Por que vermelho mais verde não me dá marrom?

Porque esta ferramenta, como toda tela, usa mistura RGB aditiva, e luz vermelha mais luz verde dá amarelo. Marrom é o que se obtém ao misturar tinta vermelha e verde, que é subtrativa: cada pigmento absorve comprimentos de onda distintos e os comprimentos de onda sobreviventes parecem marrons. Para simular precisamente "mistura de tinta" na tela seria preciso um modelo espectral ou consciente de pigmento (Procreate e Adobe Fresco fazem isso em apps de arte); misturadores web genéricos, incluindo este, são misturadores RGB aditivos honestos e te darão amarelo, não marrom.

Meus pontos médios parecem turvos, qual é o conserto?

Duas camadas de conserto. O passo mínimo de correção é mistura em luz linear: converter sRGB para RGB linear antes da média e voltar. Só isso faz vermelho+verde→amarelo parecer bem mais brilhante e crível. O conserto perceptual completo é misturar em OKLCH ou Oklab, converter ambos os extremos para OKLCH, interpolar, voltar. A CSS color-mix(in oklch, red, green) do navegador faz exatamente isso em uma linha e funciona em todo navegador lançado após maio de 2023. Para pipelines em JavaScript, culori.js é a biblioteca de referência.

Qual é o espaço de cor certo para misturar paletas de design system?

OKLCH é a resposta de consenso atual. É perceptualmente uniforme, tem eixos limpos que casam com a intuição do designer (luminosidade / chroma / matiz), produz interpolações de gradiente sem pontos médios turvos e está em todo navegador moderno via oklch() no CSS Color 4 e color-mix(in oklch, ...) no CSS Color 5. Design systems construídos em 2024-2026 estão cada vez mais saindo de paletas HSL para paletas OKLCH exatamente por isso.

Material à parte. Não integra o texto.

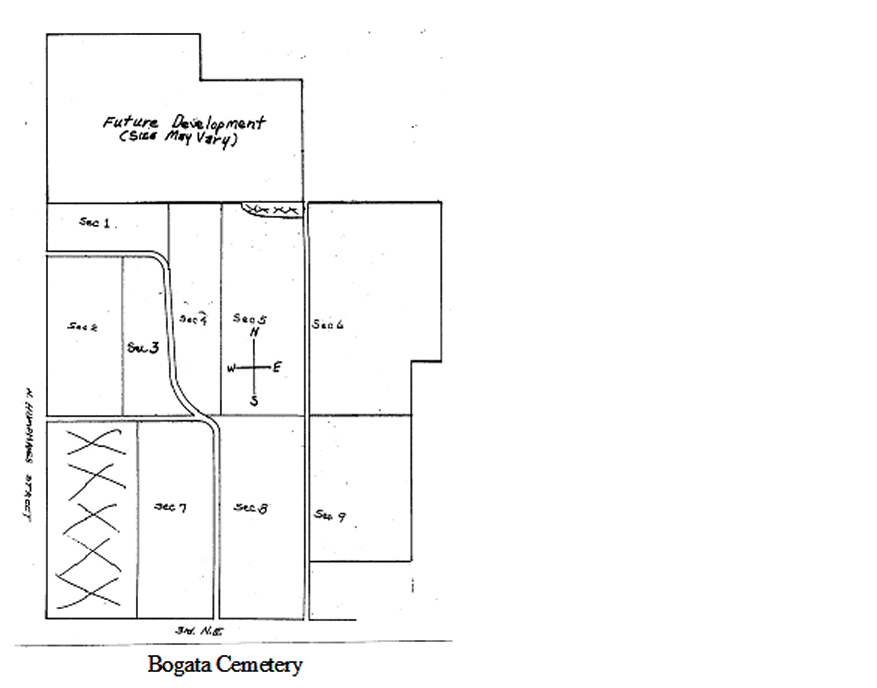 Red River County, Texas Genealogy and Family History Resources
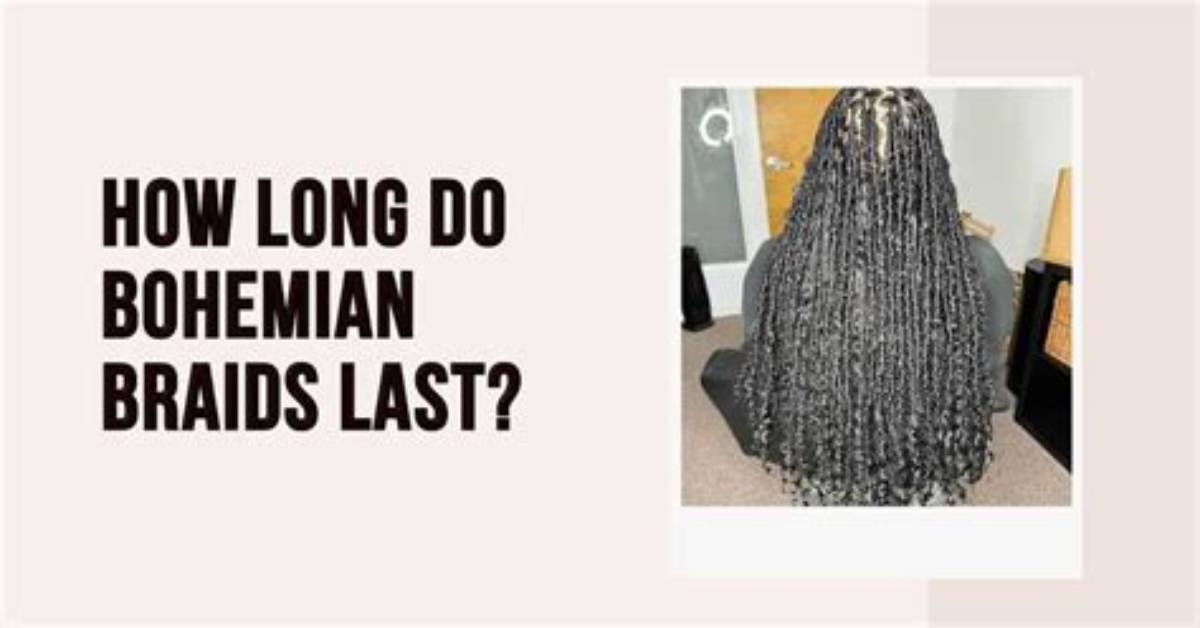 How Long Does a Black Box Last?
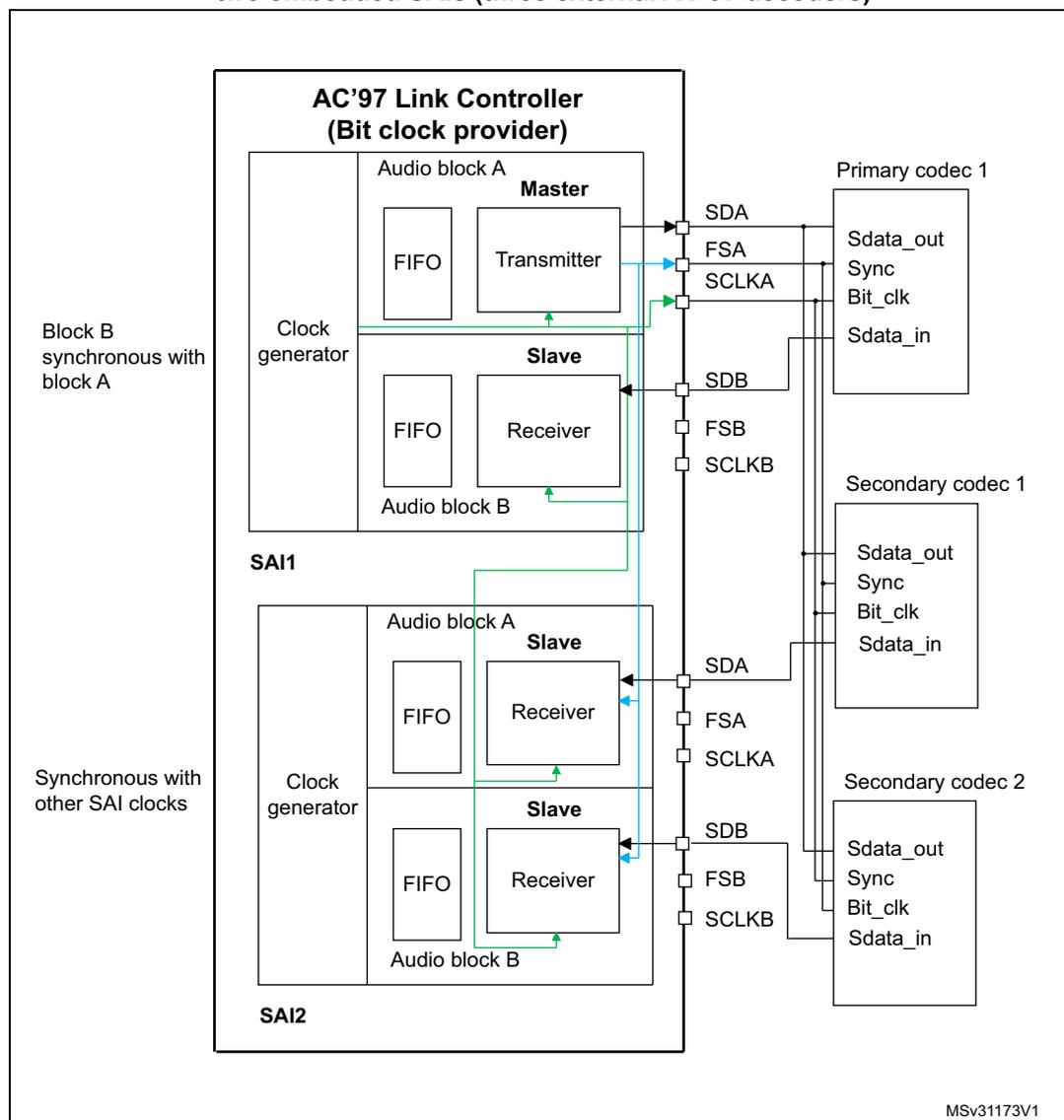 Figure 400: Example of typical AC'97 configuration on devices featuring at least two embedded SAIs (three external AC'97 decoders).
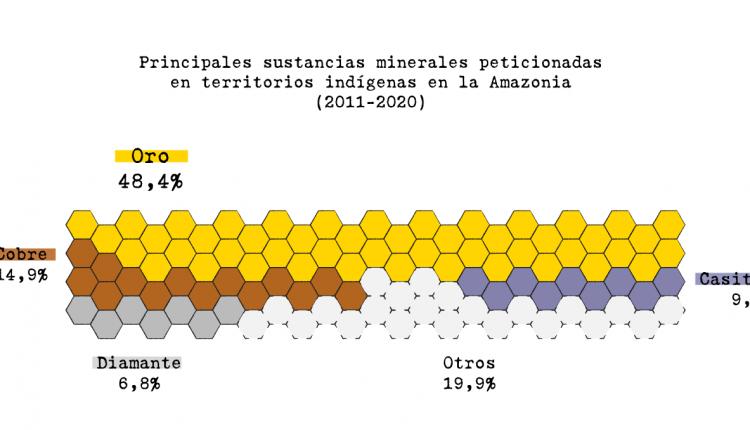 Infografico-6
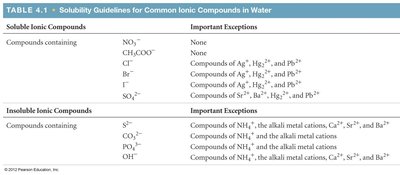 Solubility guidelines for common ionic compounds in water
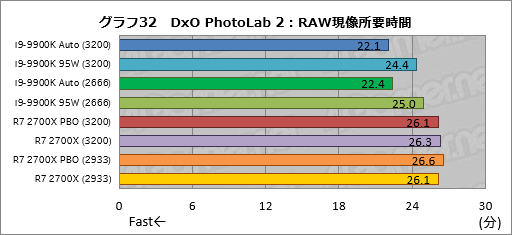 画像ギャラリー No.042のサムネイル画像 / 「Core i9-9900K」再テスト結果報告。定格のTDP 95Wで動作させると「ゲーム用の最速CPU」は何が変わるか？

Minha cor misturada vai passar nos checks de contraste WCAG?

Esta ferramenta não expõe atualmente a razão de contraste do resultado, mas você pode calcular: a luminância WCAG é L = 0,2126·R + 0,7152·G + 0,0722·B após linearizar os canais sRGB, e a razão de contraste entre duas cores é (L_mais_clara + 0,05) / (L_mais_escura + 0,05). Os alvos são 4,5:1 para texto normal e 3:1 para texto grande ou componentes de UI. O Color Contrast Checker na área de ferramentas relacionadas faz esse cálculo diretamente.